Media Members Who Could Plausibly Claim to Be Knowledgeable and Truly Unbiased: You’re looking at Dan Wetzel and…yeah…Wetzel.

Statisticians: Not BCS quacks running unverified numbers with bizarre methodologies in their basement on a Mac Plus but legitimate, academically trained professionals.

Bookmakers: Who is paying the most attention to these teams and has the firmest grasp on their respective abilities? Those whose incomes depend on it.

All three groups are knowledge and unbiased, but none would be chosen. Media members can’t create the news they are supposed to cover. This isn’t voting in a large poll, it is directly choosing which teams play for a national title. Statisticians won’t be picked, since the point of a committee is to excise their role. College football can’t politically associate itself with gambling. Screw that idea.

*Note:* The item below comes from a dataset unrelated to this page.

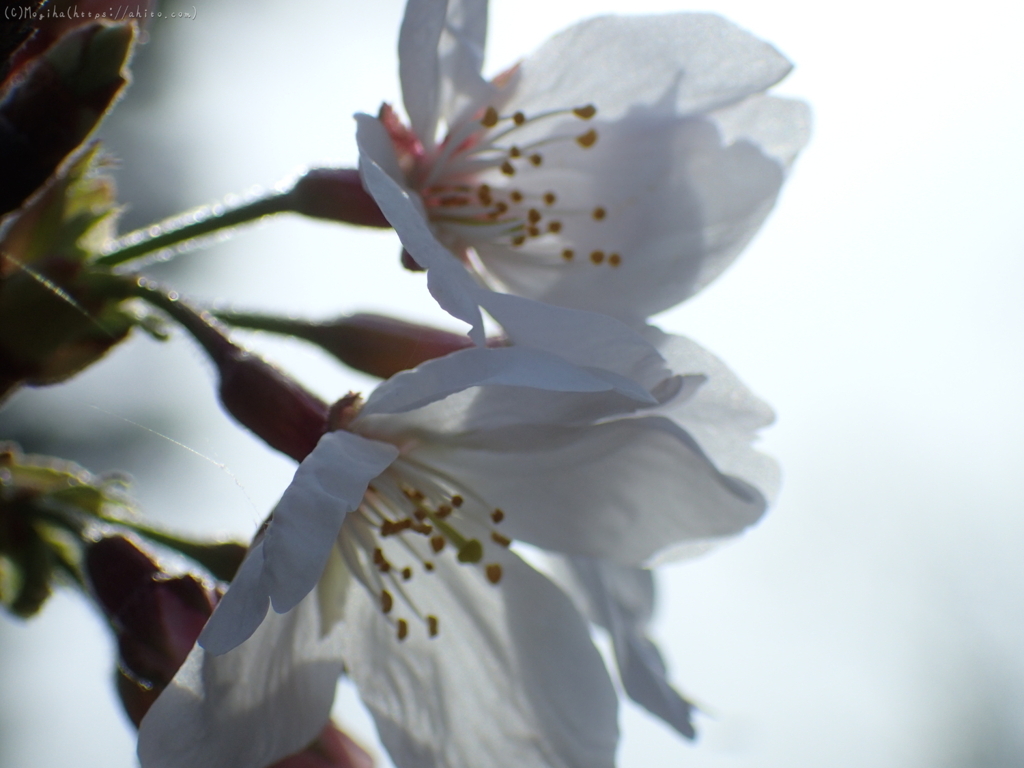 夕暮れの桜・７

Present coaches have a clear bias and act accordingly. Beyond that, you’re really just creating a more exclusive version of the Harris Poll. Clay Travis suggests using inactive, national champion head coaches who aren’t in NCAA trouble, which is interesting. Though having old men who might not be watching the games religiously, be still able to grasp what they are watching and have clear biases and often offices and sinecures at their former universities is not ideal.

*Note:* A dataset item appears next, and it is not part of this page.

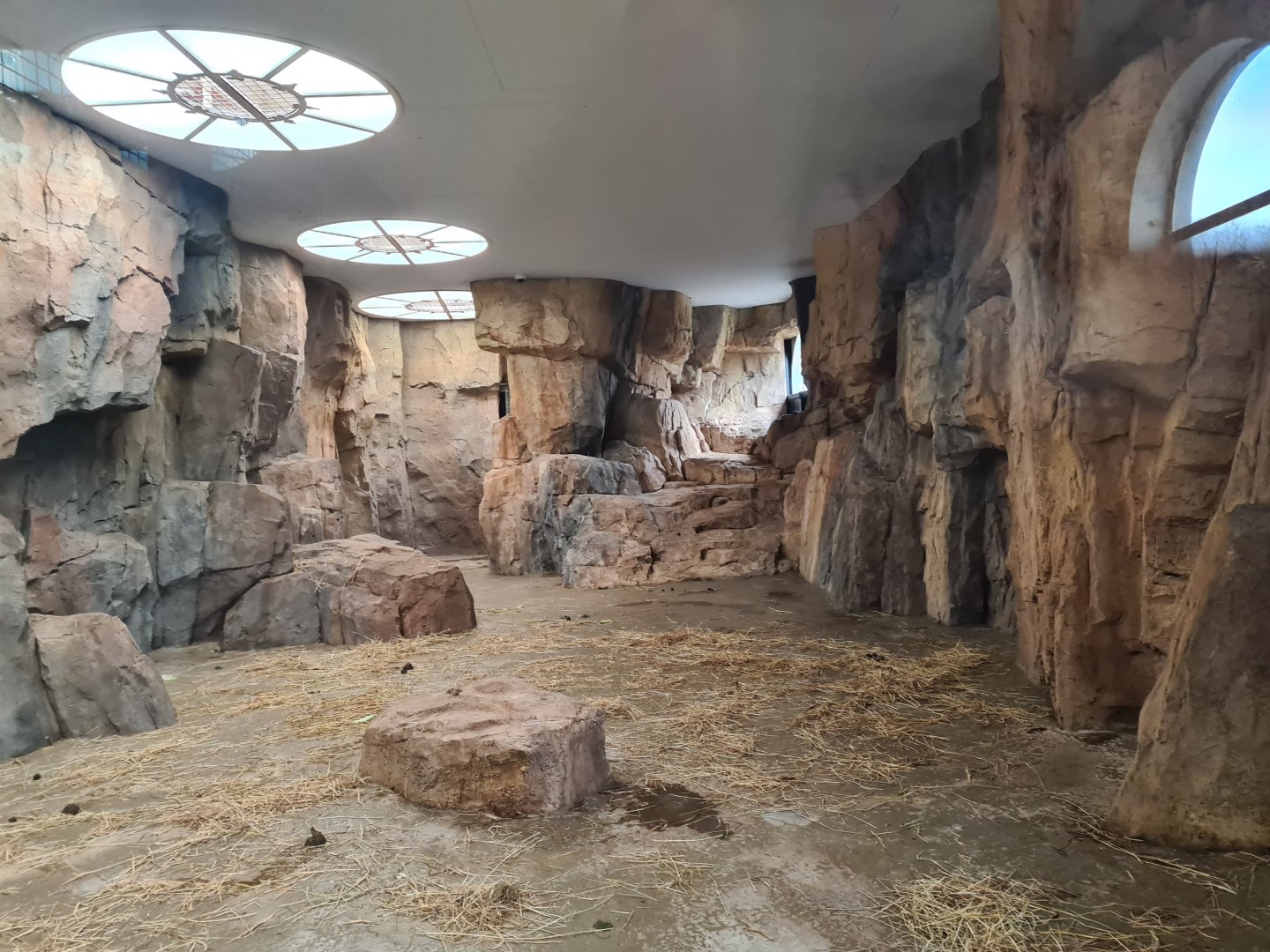 Africa - Gelada indoor holding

What definition does having Lloyd Carr and Bobby Bowden discuss a 4/5 debate between Big Ten champ Michigan and ACC champ Florida State offer? Perhaps you could have all 11 (or however many or left) conferences each get a vote? But, do the big four really want the MWC deciding which of their teams gets into a playoff? The committee needs to make one decision. Are any of the above solutions significantly better at making it than the present formula?

Even if you find a reasonable committee, it doesn’t offer a conclusive result. It provides a result and a focal point for the outrage. The fifth team still gets left out by a bunch of dudes deciding in a room rather than something tangible. The proper solution is not to shove the circular debates and anguish down to the fourth vs. fifth team or the eighth vs. ninth team or the sixteenth vs. seventeenth team. It is to come up with an objective, transparent, statistically valid formula.